- Born: 2 December 1981 (age 44) Detva, Czechoslovakia
- Education: University of Bologna
- Occupations: television hostess, actress and model
- Years active: 2001–present
- Spouse: Stefano Bonaga ​(m. 2008)​
- Modeling information
- Height: 172 cm (5 ft 8 in)
- Hair color: Black
- Eye color: Blue
- Website: Official website

= Andrea Lehotská =

Slovak television hostess, actress, top model

Andrea Lehotská (born 2 December 1981) is a Slovak-Italian television hostess, actress and model.

==Biography==
In March 2001, Lehotská was one of the twelve finalists in the Miss Slovakia contest for Miss Universe 2001.

In 2003, in Croatia, Lehotská appeared in a television advertisement for Coca-Cola.

In 2004, Lehotská was the VJ for All Music and in the cast of "Spicy Tg"; she debuted as an actress in What Will Happen to Us of Giovanni Veronesi. In 2005, she appeared in the film Fratello e padre. Also in 2005, Lehotská was in the music videos of Vasco Rossi Buoni o cattivi, Come stai, Un senso E... and Señorita. On September 9, 2005, Rossi released the double DVD È solo un Rock 'n Roll show (with 12 music videos) with Lehotská as protagonist.

From 2005 to 2008, she was a columnist for the television program Markette. In 2007, she was a finalist in Uno due tre stalla, reality show of Canale 5.

In 2008, she played the role of Bibi in the film Albakiara directed by Stefano Salvati.

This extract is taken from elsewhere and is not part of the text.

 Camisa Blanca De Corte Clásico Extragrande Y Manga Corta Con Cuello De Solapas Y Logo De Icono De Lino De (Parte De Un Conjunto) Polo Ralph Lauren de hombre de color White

In 2009 she is in the cast of fiction Giochi sporchi for Rai 4.

From 2009 to 2010, Lehotská was a co-protagonist in Una cena di Natale quasi perfetta on Sky Uno, and in Sugo, a television program on Rai 4.

From 2009 to 2011, she was a co-protagonist in Chiambretti Night, a television program of Mediaset, and in 2011 Lehotská was a co-protagonist in Chiambretti Sunday Show on Italia 1.

In 2011, she has presented Circo Massimo on Rai 3/RSI La 2. She was also the protagonist of music video Hayat Öpücüğü of Murat Boz.

In 2012, she was the third finalist of L'isola dei famosi, a reality show.
From 2012 to 2016, she presented Circo Estate on Rai 3. and the International Circus Festival of Monte-Carlo on Rai 3.

In 2013 Andrea Lehotská presented Cena je správna on TV JOJ. In 2017, she played the role of Regina in the film Friends by Chance directed by Francesco Bruni.